There was also discussion concerning whether or not a writ was required; the solicitor for the appellant did not participate. No mention was made by anyone of an undertaking as to damages. The order finally signed by Muirhead J., which accords with his statements during the hearing, enjoined the appellant "until further order from publishing and distributing the article in the form exhibited . . . or in a form which contains or may be reasonably interpreted to contain the same innuendos". It was an order expressed in very wide terms indeed but no criticism was made by the appellant on that score. The signed order also provided for the adjournment of the hearing of the respondents' application to 3 pm on Monday 31 October 1983.

Prior thereto, the appellant issued a motion returnable at the same time, seeking a discharge of the injunction and an order for "damages and costs". Both sides filed affidavits. The proceedings were adjourned on a number of occasions at the appellant's request and neither application has been heard. Any party may still bring the application on for hearing. Recently the respondents issued a writ and delivered a statement of claim; as well they have offered an undertaking as to damages, to be effective retrospectively to the date the injunction was granted. This offer was repeated before this Court. It should be made the subject of a formal undertaking in the Supreme Court without delay.

Instead of proceeding with its motion or otherwise contesting the continued existence of the injunction, or seeking to have the respondents required to give an undertaking as to damages, the appellant decided to appeal, even though the time for appeal had expired.
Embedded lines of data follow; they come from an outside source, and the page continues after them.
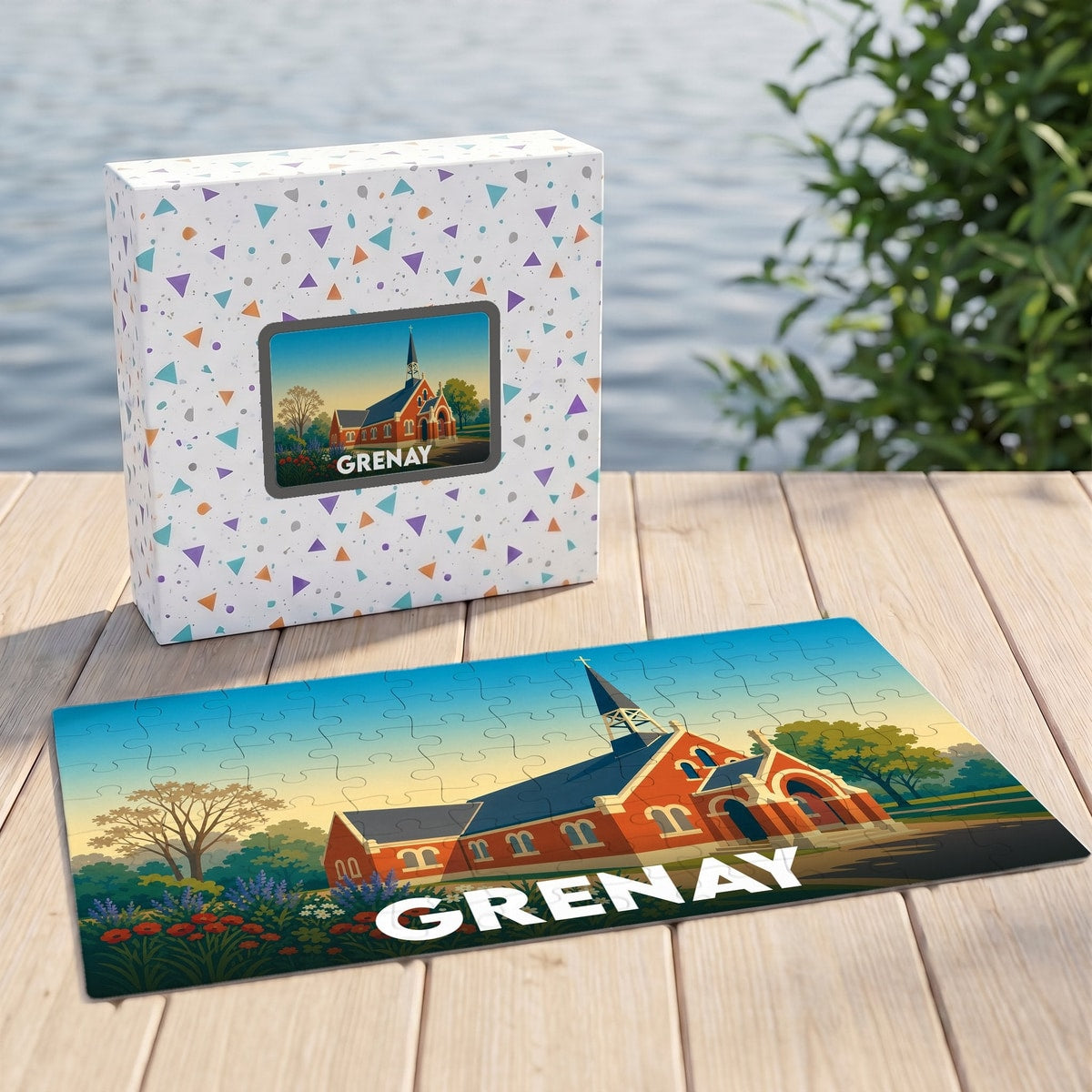 Puzzle souvenir de la ville de Grenay avec une illustration stylisée d'un bâtiment en briques rouges.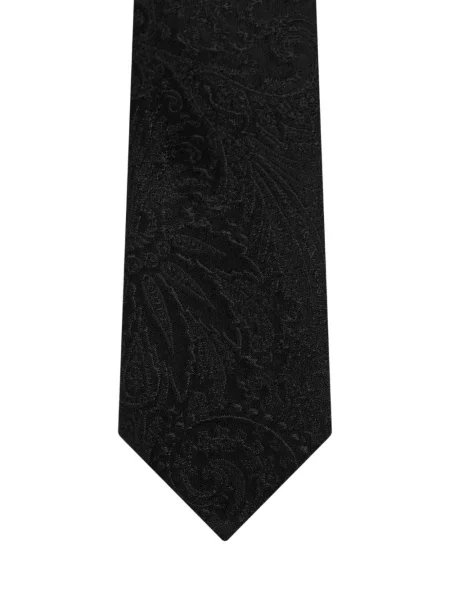 Jacquard kravata Etro s paisley uzorkom crna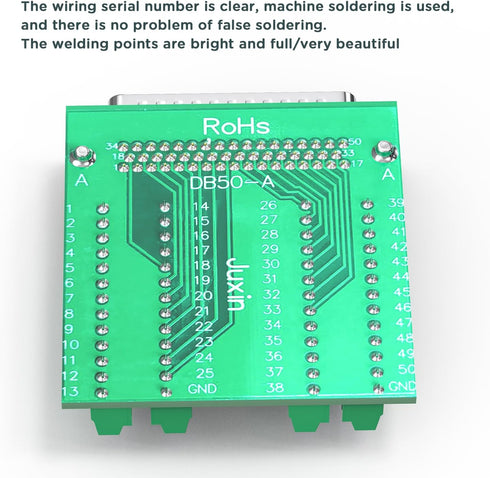 DB50 Female Connector to Terminal Block, HDB50 Breakout Board No Soldering Needed D-SUB 50-pin Adapter to Terminal Connector Signal Module with Bo...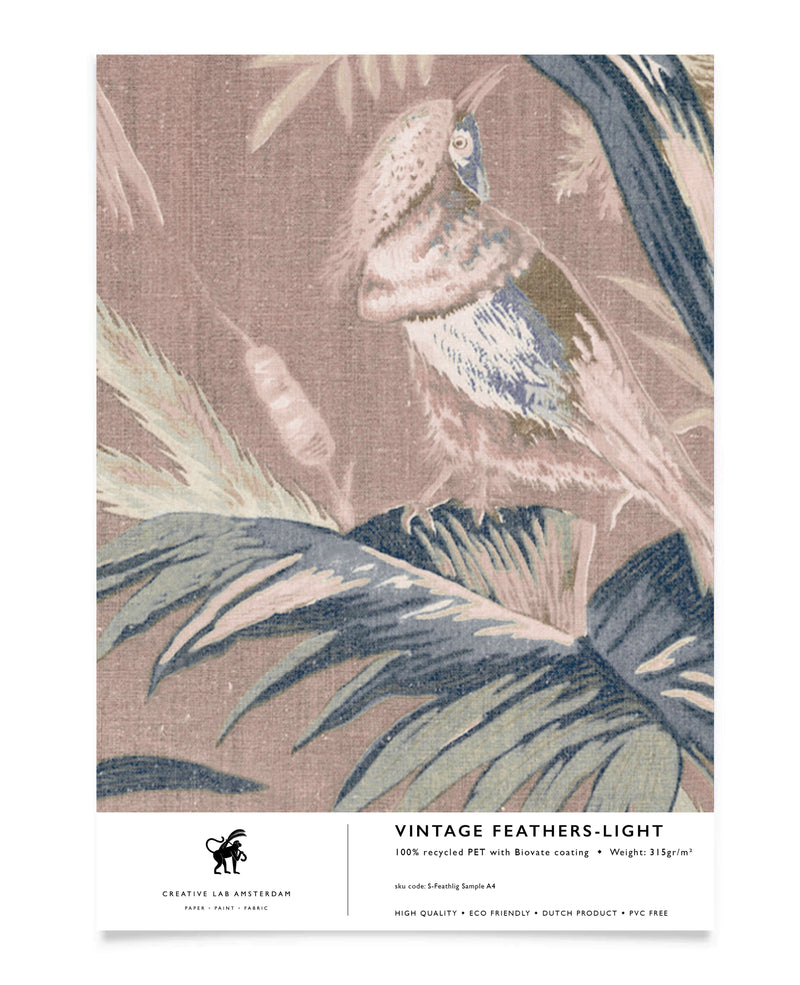 Vintage Feathers Light Behang Sample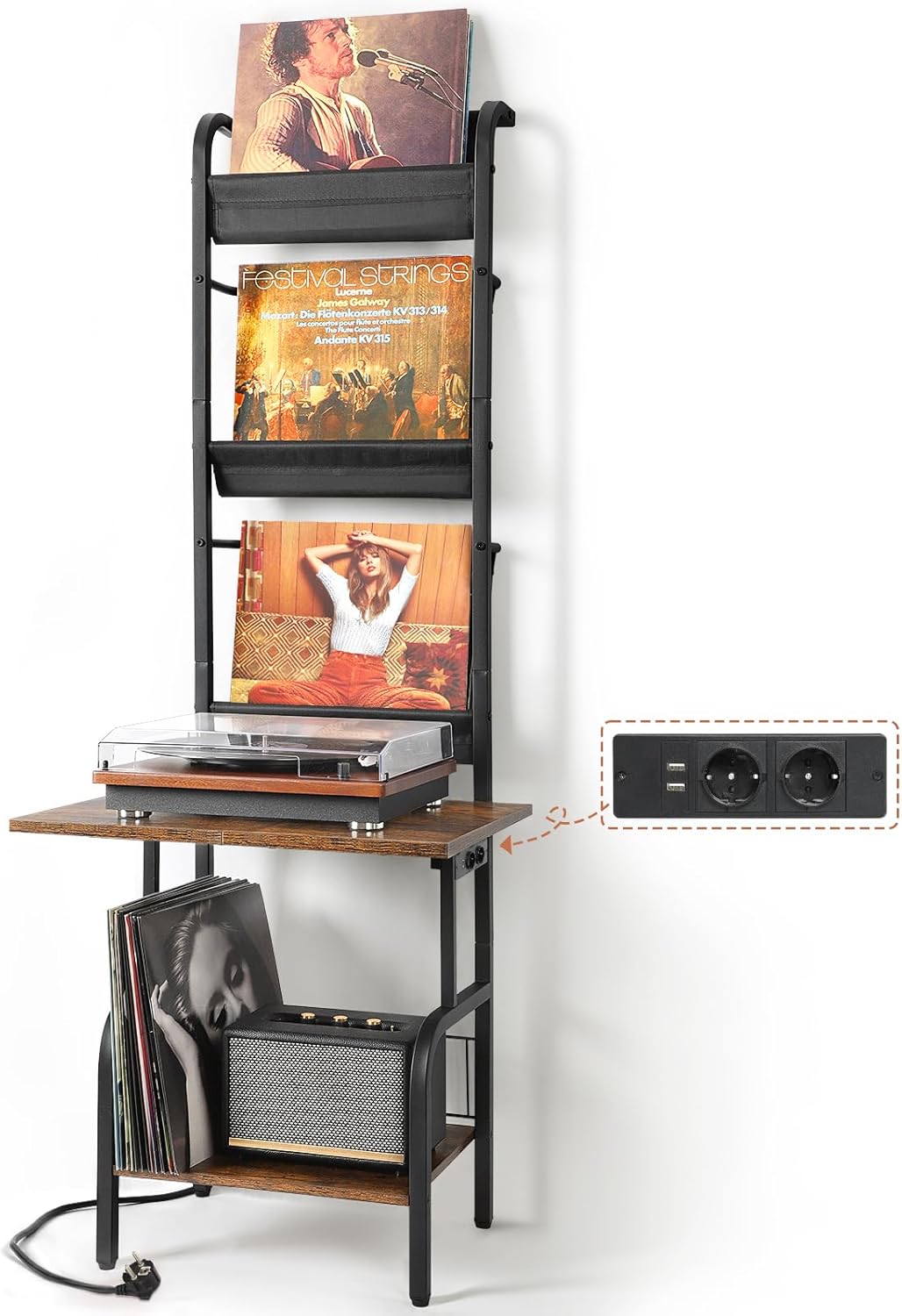 Detalle de Bikoney Supporto giradischi con presa di corrente e ripiani per vinili fino a 200 album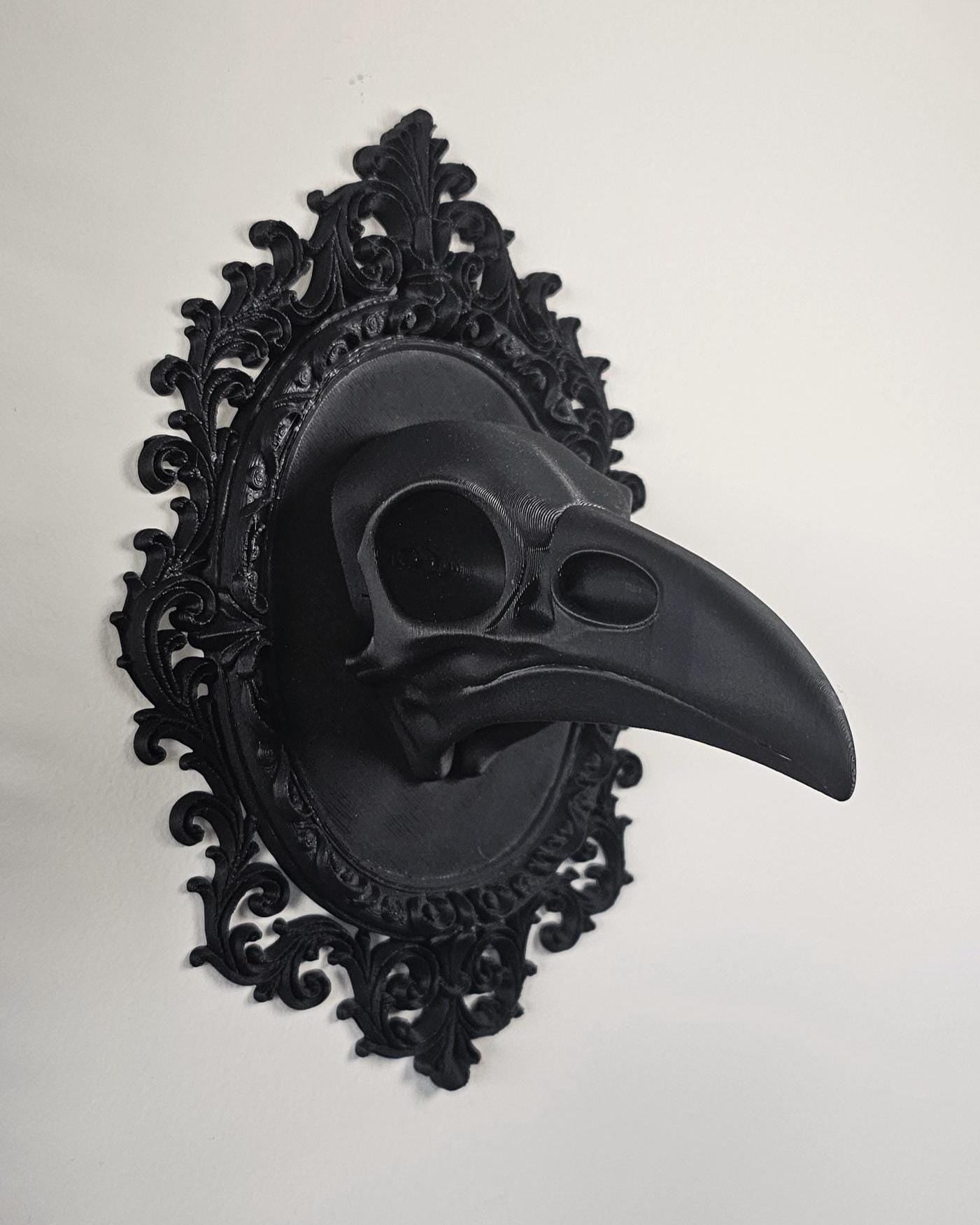 Gothic Raven Skull Wall Plaque  Ornate Victorian Frame Wall Mount, Dark Academia Curiosity Decor, Macabre Gothic Wall Art Display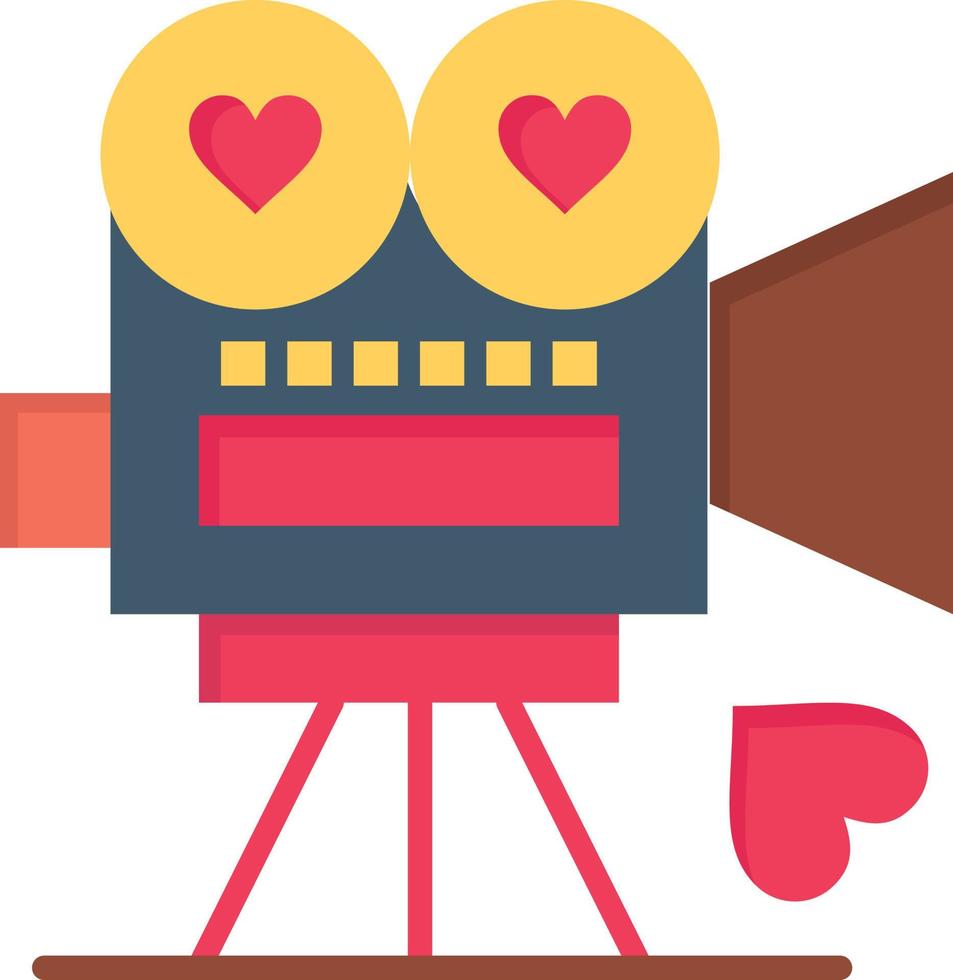 Camera Movie Video Camera Love Valentine  Flat Color Icon Vector icon banner Template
It applied for an extension of time to appeal. No extension of time was granted but it was given leave to appeal. Although it acknowledged that the article had "lost its newsworthiness to a large measure", the appellant contended that important matters of principle were involved. On the hearing of the application to the Supreme Court for an extension of time to appeal, it was made clear by the appellant that its concern was not to contest on the merits whether at that time there should be an injunction in existence. Rather it wished to establish that, on the material before him, Muirhead J. had erred in what were asserted to be a number of important matters of principle concerning "the appropriateness of granting an injunction to restrain the publication of allegedly defamatory material".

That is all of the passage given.